* What is being asked *
Could you restate the data below word for word, without its pictures?

* Input data *
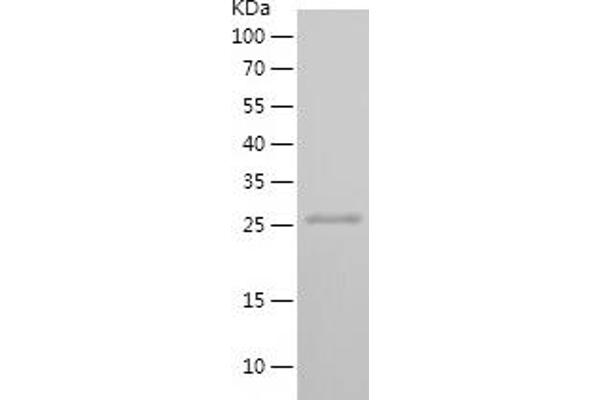 STT3B Protein (AA 480-541) (His-IF2DI Tag)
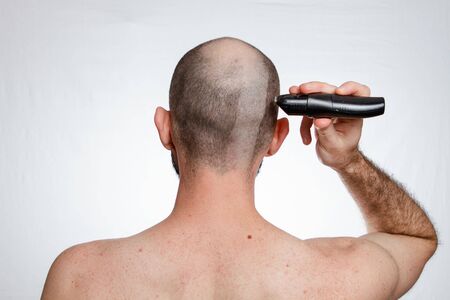 The concept of baldness and alopecia. A man holds a hair clipper and shaves the hair at the temples. The view from the back. Copy space.の写真素材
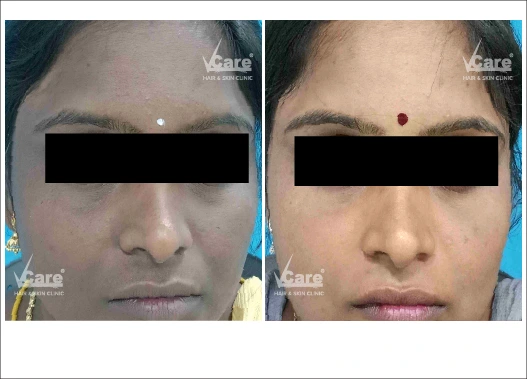 Before & After Glycolic Peel Treatment Results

* Answer below *
 STT3B Protein (AA 480-541) (His-IF2DI Tag)
 The concept of baldness and alopecia. A man holds a hair clipper and shaves the hair at the temples. The view from the back. Copy space.の写真素材
 Before & After Glycolic Peel Treatment Results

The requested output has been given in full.